**WORK REQUIRED:**
Please take the records that follow and repeat exactly the lines starting with the line with "男児 ブリーフ キッズ" and going on through the line with "Prima Art Lakshmi".

(Short text fragments from websites)
● ● ●

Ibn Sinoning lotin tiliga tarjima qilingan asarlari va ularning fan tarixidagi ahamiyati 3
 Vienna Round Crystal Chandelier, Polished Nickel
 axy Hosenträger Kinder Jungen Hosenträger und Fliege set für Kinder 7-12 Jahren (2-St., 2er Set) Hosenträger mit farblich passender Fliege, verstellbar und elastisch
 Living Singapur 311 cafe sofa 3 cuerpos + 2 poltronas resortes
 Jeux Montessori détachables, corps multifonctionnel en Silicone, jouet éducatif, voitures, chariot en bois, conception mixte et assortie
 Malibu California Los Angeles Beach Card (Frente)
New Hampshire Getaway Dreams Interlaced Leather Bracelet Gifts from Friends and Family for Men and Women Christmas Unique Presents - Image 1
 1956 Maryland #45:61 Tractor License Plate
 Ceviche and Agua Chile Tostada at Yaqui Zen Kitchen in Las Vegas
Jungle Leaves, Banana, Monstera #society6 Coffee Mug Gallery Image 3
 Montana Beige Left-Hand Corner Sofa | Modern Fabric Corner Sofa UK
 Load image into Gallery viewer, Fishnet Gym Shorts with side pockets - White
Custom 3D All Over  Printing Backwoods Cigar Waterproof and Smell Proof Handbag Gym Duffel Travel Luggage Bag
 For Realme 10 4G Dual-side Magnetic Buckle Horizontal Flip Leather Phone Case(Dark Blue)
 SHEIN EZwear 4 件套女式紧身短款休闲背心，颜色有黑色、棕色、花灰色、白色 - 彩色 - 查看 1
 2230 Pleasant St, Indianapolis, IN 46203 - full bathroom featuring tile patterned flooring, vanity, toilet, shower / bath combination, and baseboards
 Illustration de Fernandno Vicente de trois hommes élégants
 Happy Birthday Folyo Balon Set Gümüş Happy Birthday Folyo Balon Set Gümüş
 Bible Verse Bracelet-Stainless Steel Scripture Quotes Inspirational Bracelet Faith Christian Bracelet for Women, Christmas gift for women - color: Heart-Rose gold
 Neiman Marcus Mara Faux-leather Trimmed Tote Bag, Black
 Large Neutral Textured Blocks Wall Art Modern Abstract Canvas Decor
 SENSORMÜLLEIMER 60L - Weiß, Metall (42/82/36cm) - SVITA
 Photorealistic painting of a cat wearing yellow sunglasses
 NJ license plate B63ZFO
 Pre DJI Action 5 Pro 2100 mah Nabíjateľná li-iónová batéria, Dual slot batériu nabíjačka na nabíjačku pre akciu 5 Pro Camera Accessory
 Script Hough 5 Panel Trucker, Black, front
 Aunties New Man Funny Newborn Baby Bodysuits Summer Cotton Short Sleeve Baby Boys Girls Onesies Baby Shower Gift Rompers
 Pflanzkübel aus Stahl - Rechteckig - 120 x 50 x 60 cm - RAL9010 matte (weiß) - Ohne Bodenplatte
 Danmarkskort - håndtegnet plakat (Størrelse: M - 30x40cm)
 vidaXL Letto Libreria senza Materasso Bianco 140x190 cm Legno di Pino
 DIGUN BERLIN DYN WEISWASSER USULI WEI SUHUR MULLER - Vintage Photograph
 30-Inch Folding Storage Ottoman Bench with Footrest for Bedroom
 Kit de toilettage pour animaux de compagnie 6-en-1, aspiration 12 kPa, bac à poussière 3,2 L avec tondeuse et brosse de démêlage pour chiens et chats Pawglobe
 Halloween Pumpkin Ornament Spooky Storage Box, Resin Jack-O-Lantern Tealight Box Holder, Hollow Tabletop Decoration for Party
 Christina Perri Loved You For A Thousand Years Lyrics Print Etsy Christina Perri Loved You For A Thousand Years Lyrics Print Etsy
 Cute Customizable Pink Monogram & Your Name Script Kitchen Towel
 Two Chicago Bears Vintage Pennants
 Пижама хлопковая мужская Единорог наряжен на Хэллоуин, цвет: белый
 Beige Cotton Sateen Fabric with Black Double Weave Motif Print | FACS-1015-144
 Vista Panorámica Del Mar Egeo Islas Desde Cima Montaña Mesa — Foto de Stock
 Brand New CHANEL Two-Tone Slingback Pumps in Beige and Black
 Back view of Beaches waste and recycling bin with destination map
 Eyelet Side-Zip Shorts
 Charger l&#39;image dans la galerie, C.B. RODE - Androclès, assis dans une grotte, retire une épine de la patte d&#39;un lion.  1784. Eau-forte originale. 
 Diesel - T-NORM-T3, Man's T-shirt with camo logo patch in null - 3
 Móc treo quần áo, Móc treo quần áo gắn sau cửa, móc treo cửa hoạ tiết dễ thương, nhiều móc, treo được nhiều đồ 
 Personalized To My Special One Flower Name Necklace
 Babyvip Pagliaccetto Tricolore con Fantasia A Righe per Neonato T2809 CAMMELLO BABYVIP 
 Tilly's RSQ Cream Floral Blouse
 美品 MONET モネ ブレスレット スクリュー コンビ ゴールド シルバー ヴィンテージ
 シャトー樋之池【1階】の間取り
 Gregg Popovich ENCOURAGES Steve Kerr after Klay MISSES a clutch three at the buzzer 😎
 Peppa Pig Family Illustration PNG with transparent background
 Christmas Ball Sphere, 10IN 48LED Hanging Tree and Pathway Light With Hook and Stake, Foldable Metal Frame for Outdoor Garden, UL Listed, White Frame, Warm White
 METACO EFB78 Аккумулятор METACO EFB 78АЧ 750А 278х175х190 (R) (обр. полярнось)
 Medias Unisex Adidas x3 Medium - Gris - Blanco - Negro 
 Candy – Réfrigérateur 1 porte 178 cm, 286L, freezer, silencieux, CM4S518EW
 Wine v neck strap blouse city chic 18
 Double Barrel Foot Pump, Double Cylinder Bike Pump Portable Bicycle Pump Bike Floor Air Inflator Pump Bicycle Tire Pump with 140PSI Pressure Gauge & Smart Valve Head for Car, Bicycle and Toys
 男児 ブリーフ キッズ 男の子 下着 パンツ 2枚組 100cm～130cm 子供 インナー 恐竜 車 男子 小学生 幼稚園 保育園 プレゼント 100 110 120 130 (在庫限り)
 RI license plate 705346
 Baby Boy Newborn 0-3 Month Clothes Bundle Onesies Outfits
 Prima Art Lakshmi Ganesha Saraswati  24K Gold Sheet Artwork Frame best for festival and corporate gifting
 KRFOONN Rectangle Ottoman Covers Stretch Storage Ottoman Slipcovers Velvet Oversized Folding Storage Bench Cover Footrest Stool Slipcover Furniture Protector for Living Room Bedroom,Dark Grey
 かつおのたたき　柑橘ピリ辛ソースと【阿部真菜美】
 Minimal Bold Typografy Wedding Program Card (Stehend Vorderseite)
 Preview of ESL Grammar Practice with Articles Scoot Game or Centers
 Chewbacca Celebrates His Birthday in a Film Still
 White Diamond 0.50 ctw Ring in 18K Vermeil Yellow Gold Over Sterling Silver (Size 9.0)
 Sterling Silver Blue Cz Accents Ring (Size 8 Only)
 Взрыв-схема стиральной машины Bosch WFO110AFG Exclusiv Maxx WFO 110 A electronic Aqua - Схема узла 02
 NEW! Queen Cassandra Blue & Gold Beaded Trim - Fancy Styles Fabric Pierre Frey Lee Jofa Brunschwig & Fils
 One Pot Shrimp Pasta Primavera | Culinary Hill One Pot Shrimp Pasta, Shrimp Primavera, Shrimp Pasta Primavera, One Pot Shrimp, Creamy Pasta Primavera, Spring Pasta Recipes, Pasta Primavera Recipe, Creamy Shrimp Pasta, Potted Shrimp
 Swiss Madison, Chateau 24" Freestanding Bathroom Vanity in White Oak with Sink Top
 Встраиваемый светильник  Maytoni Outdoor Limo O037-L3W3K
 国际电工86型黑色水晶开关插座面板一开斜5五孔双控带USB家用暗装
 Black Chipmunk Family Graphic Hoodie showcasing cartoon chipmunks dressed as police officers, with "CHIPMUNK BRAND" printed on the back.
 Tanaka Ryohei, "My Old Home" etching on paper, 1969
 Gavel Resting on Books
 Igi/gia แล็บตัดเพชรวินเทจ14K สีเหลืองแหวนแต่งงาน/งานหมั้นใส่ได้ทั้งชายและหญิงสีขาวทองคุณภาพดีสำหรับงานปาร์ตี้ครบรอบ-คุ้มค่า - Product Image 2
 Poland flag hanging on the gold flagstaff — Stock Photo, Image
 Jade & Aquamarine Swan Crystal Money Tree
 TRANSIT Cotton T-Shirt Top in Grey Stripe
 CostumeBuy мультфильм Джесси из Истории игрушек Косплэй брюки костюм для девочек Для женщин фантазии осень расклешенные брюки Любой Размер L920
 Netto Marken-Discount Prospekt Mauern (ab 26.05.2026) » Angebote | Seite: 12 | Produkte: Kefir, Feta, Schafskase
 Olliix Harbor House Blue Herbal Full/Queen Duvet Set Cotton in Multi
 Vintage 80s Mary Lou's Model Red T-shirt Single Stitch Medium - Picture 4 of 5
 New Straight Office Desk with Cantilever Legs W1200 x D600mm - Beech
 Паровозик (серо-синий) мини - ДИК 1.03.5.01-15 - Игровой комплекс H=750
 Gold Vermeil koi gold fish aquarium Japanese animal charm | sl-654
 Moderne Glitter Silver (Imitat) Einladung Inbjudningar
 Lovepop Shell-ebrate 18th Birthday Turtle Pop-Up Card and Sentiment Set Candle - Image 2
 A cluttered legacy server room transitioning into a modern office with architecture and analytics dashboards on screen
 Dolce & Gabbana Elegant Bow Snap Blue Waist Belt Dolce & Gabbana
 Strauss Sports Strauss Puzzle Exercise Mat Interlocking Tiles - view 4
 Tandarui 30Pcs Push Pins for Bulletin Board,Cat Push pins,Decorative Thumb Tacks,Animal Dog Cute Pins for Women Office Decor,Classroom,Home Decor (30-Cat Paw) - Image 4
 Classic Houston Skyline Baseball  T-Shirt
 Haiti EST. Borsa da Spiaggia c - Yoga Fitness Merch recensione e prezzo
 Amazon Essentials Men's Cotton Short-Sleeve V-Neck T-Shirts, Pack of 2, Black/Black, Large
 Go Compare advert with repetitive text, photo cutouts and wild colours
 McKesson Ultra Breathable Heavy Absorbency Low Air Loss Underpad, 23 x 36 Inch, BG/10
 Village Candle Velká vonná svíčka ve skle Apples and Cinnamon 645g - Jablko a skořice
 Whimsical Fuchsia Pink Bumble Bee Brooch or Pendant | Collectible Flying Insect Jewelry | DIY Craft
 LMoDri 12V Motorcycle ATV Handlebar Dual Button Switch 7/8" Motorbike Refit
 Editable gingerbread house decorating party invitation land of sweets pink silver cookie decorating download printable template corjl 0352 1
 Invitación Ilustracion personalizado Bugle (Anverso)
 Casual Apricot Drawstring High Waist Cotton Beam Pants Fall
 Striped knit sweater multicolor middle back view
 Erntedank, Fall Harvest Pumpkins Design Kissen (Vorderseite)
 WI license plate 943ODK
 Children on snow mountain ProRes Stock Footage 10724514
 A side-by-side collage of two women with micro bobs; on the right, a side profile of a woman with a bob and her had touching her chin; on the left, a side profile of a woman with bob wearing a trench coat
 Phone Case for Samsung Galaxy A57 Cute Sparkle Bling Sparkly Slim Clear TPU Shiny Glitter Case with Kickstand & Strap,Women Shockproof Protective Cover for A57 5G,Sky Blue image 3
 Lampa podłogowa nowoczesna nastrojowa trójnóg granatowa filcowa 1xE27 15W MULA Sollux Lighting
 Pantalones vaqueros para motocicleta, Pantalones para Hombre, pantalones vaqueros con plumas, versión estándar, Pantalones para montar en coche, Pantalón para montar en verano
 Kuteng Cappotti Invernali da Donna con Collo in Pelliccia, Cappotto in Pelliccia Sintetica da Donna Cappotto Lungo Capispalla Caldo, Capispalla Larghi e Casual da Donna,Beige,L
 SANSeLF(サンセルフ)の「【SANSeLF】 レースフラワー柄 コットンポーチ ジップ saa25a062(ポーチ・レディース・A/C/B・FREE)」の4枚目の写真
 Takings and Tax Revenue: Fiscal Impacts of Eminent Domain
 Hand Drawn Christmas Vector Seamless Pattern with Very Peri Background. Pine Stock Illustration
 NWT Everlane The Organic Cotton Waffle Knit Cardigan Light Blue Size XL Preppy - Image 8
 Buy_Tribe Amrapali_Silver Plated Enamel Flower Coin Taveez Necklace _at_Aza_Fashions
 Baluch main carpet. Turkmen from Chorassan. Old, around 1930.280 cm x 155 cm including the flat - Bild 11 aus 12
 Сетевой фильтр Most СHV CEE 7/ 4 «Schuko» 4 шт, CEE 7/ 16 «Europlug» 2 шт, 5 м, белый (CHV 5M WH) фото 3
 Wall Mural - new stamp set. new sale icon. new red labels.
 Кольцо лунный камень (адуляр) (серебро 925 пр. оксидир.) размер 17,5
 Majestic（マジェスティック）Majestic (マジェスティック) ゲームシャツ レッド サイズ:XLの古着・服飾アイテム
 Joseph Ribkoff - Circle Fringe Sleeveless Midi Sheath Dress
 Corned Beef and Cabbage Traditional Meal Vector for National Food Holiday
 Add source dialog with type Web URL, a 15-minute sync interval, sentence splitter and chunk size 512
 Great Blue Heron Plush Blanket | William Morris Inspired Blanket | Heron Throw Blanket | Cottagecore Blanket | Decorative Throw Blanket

● ● ●

**REPLY TO THE EXERCISE:**
 男児 ブリーフ キッズ 男の子 下着 パンツ 2枚組 100cm～130cm 子供 インナー 恐竜 車 男子 小学生 幼稚園 保育園 プレゼント 100 110 120 130 (在庫限り)
 RI license plate 705346
 Baby Boy Newborn 0-3 Month Clothes Bundle Onesies Outfits
 Prima Art Lakshmi Ganesha Saraswati  24K Gold Sheet Artwork Frame best for festival and corporate gifting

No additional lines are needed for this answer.